21-06-2012 [22:16] - ksena (niezweryfikowany) | Link: obecne pojednanie to kolejny akt polityczny
bezsensowny i chyba wymuszone bądź na życzenie świeckiego papieża czyli Putina.Przecież wiadomo,że cerkiew prawosławna jest narzędziem w ręku Putina,a patriarcha Cyryl nienawidzący Jana PawłaII całe lata sprzeciwiał się jego pielgrzymowaniu do Rosji.Ciekawe na czym to obecne ,,pojednanie'' mialoby polegać ,bo dyrdymały o wzajemnym przebaczaniu i zaciesnianiu więzów przyjaźni to zwyczajny nakaz tyle że w patetycznym sosie.Co Episkopat chce na tym ugrać? A może myśli,że palikociarnia przestanie atakować Kościół po tak wyraźnym geście ? Nic bardziej błędnego i naiwnego,co najwyżej wierni w imieniu których Episkopat tak ochoczo przeprasza zdegustowani odejda z Koscioła.
21-06-2012 [22:30] - Gość (niezweryfikowany) | Link: Nie chce się wierzyć!
Boże, Episkopat! Nie wie co czyni? A może to tylko warszawski abp do zadań specjalnych, czyli Nic?!

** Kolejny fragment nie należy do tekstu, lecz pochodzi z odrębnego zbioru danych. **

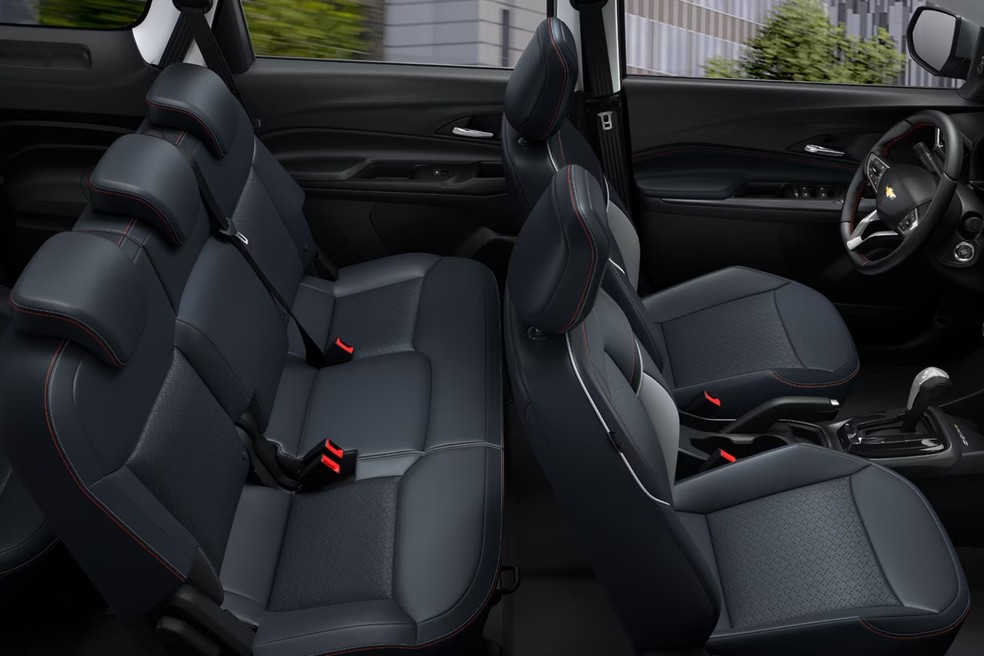 Com os sete assentos em uso, a Chevrolet Spin tem capacidade de 162 litros no porta-malas — Foto: Divulgação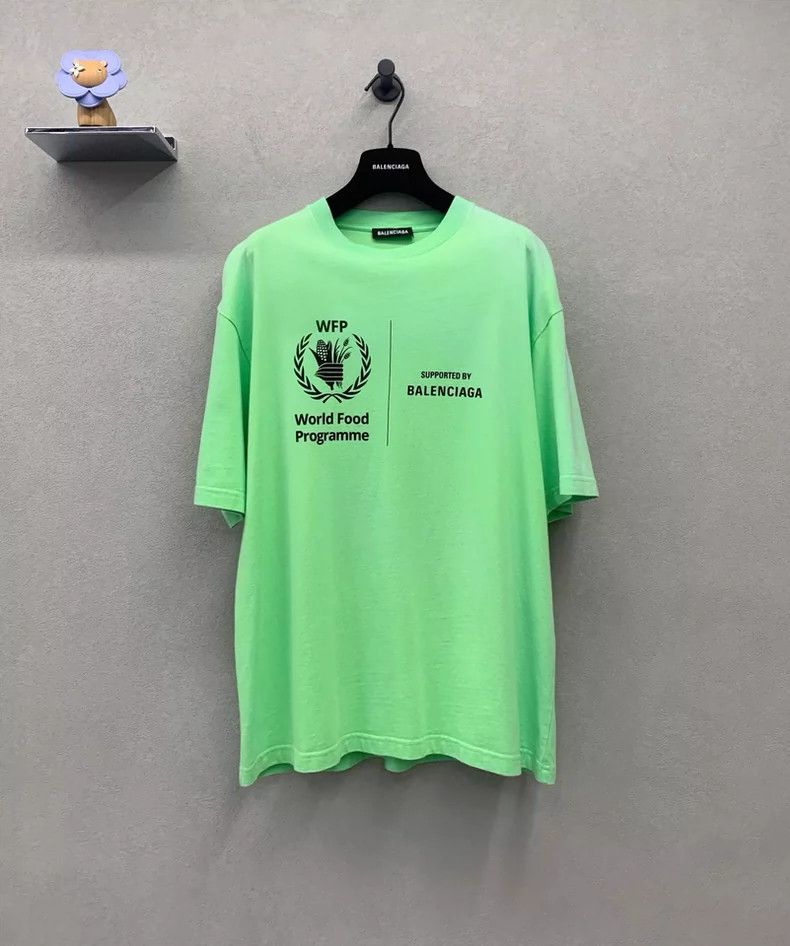 Balenciaga Balenciaga WFP一代 Alphabet Printed Logo Round Neck Short Sl Size US S / EU 44-46 / 1 - 1 Thumbnail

21-06-2012 [23:51] - maciej13 (niezweryfikowany) | Link: nie można tego wykluczyć
"A może to tylko warszawski abp do zadań specjalnych, czyli Nic?!" - nie można tego wykluczyć. Ciągle mała jest wiedza w narodzie o agenturze w kk. Ludzie się łudzą, że jeden był, tw filozof, a tu przydało by się pokazanie wszystkich zdrajców Polski
21-06-2012 [22:51] - Lysy (niezweryfikowany) | Link: Przepraszam, ale za co ja mam
Przepraszam, ale za co ja mam przepraszac Ruskich ? Za Rzez Pragi? , za 17IX1939, a moze za to ze wogole zyje?
21-06-2012 [23:01] - m. (niezweryfikowany) | Link: Za co?
Może zegarki naszych dziadków źle chodziły?
21-06-2012 [22:57] - m. (niezweryfikowany) | Link: wzajemne przebaczenie win
"Episkopat zapraszając na ten czas do Polski zwierzchnika Rosyjskiego Kościoła Prawosławnego patriarchy Cyryla I zamierza zapewne „uświetnić” polskim patriotom rocznicę rozgromienia sowietów w roku 1920."
Może przy okazji tę winę nam przebaczą nasi dobrzy sąsiedzi, bo nie bardzo wiem, o jaką inną może ekscelencjom chodzić...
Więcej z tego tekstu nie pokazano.